Ciò posto, e tenuto conto della presente sede cautelare, va ricordato che in tema di reato di esecuzione di lavori edilizi in difformità dal permesso di costruire, per individuare la natura e la sussistenza di detta difformità non è necessario attendere il completamento dell’opera ove, da quanto già realizzato, si possa desumere − come in specie, stante la richiamata documentazione − che il manufatto, una volta ultimato, assumerebbe caratteristiche diverse da quelle progettate (cfr. Sez. 3, n. 13592 del 30/01/2008, Dinolfo, Rv. 239837). Né può essere escluso il pericolo che la libera disponibilità dell’immobile abusivamente realizzato possa aggravare o protrarre le conseguenze dell’illecito ovvero agevolarne la commissione di altri (cfr. Sez. 3, n. 39731 del 28/09/2011, Rainone e altro, Rv. 251304).
4.3. I ricorrenti in realtà non hanno preso adeguata posizione su tali profili dell’ordinanza, e comunque su detti aspetti della contestazione finora formulata nei loro confronti.

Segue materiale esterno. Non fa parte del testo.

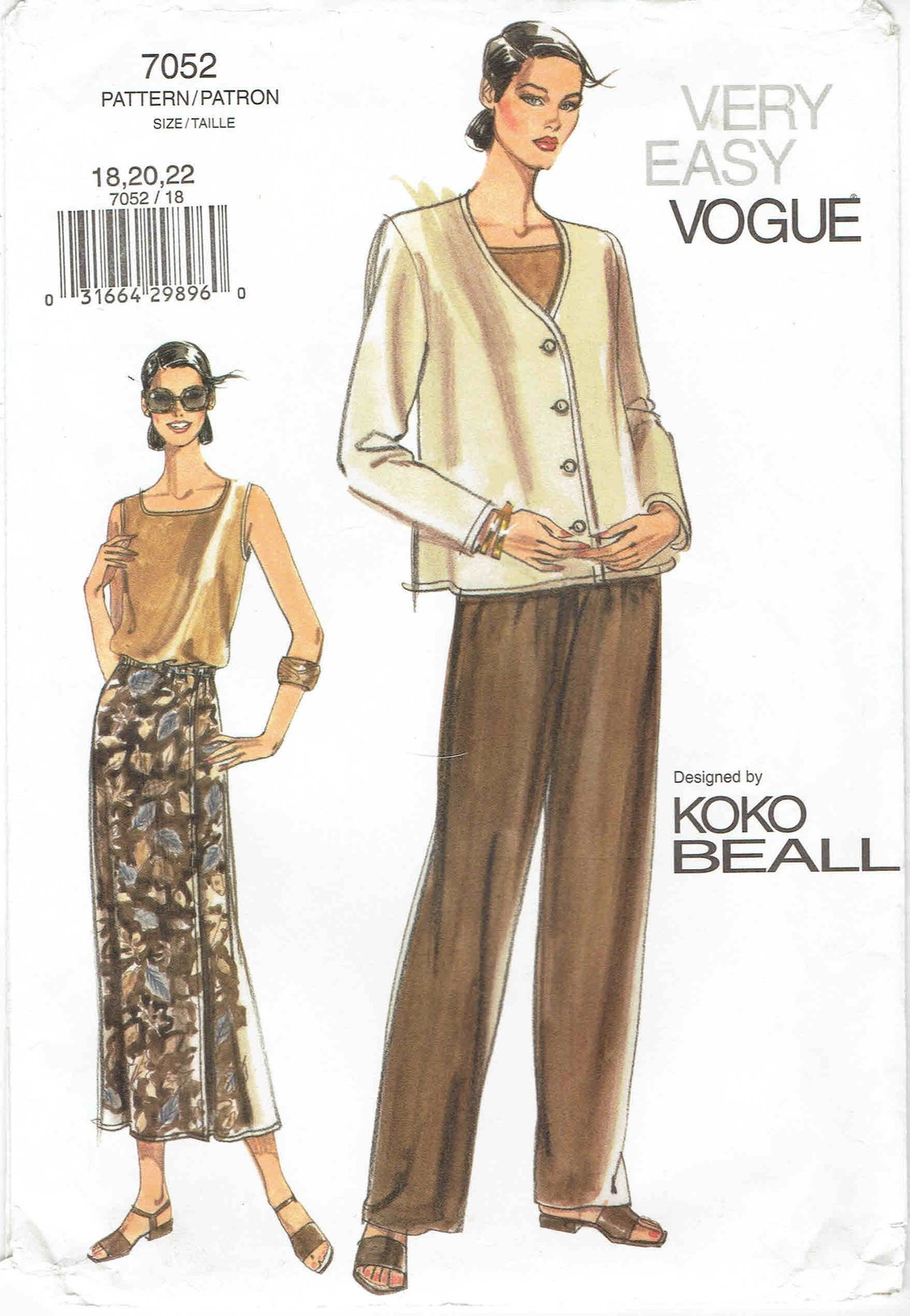 Very Easy Vogue Koko Beall Jacket Top Skirt Pants Pattern - Etsy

In ogni caso, quindi, anche a prescindere dalle questioni legate alla pretesa illegittimità dei provvedimenti concessori “a monte”, in ragione del mancato rispetto delle norme in tema di asservimento dei fondi agricoli, non risulta adeguatamente e specificamente contestata l’ulteriore ratio decidendi posta alla base del provvedimento impugnato.

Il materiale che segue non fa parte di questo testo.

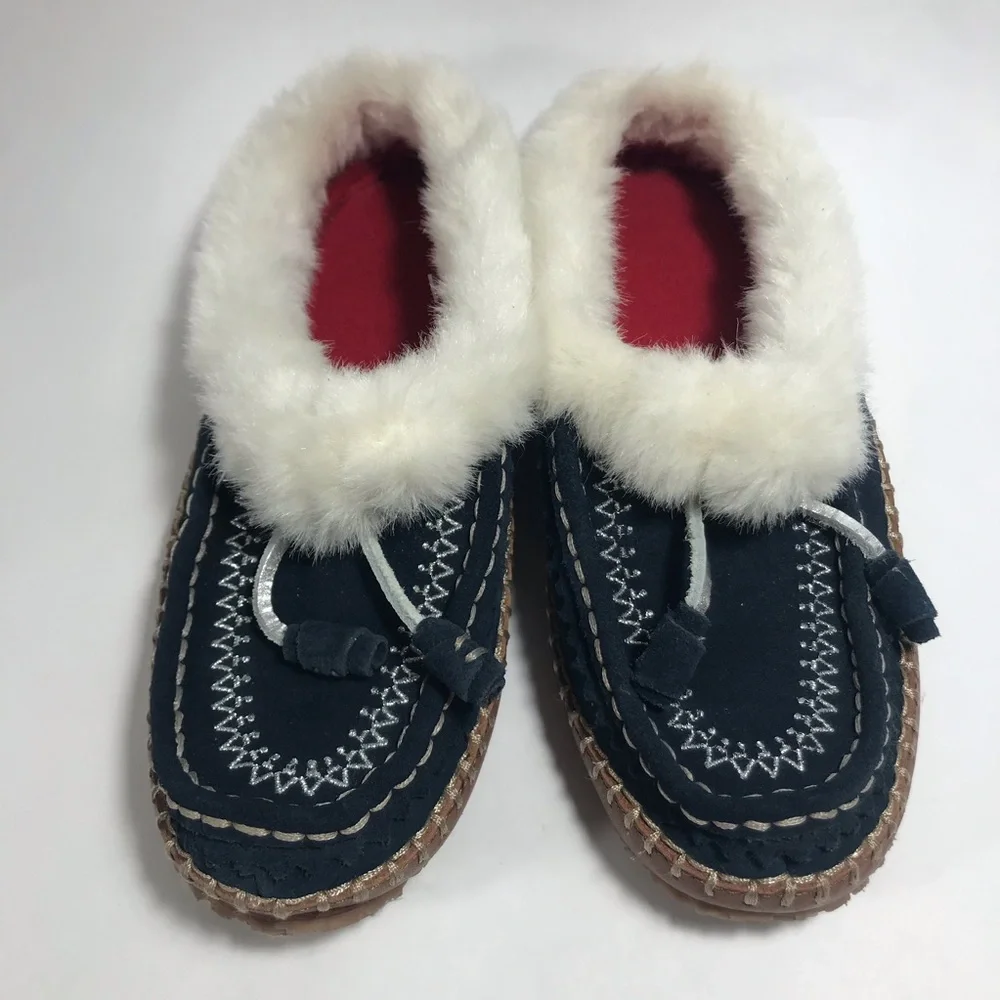 Lands' End Dark Navy Blue Slip On Embroidered Slippers Size 8 - Picture 2 of 12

5. Non può quindi che essere dichiarata l’inammissibilità dei proposti ricorsi (cfr. ad es. Sez. 3, n. 30021 del 14/07/2011, F., Rv. 250972).

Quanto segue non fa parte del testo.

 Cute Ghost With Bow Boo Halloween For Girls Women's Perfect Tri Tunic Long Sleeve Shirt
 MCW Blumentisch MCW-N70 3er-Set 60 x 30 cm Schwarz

Tenuto infine conto della sentenza 13 giugno 2000, n. 186, della Corte costituzionale e rilevato che, nella fattispecie, non sussistono elementi per ritenere che «la parte abbia proposto il ricorso senza versare in colpa nella determinazione della causa di inammissibilità», alla declaratoria dell’inammissibilità medesima consegue, a norma dell’art. 616 cod. proc. pen. ed a carico di ciascun ricorrente, l’onere delle spese del procedimento nonché quello del versamento della somma, in favore della Cassa delle ammende, equitativamente fissata in € 2.000,00.
P.Q.M.
Dichiara inammissibili i ricorsi e condanna ciascun ricorrente al pagamento delle spese processuali e della somma di € 2.000,00 in favore della Cassa delle Ammende.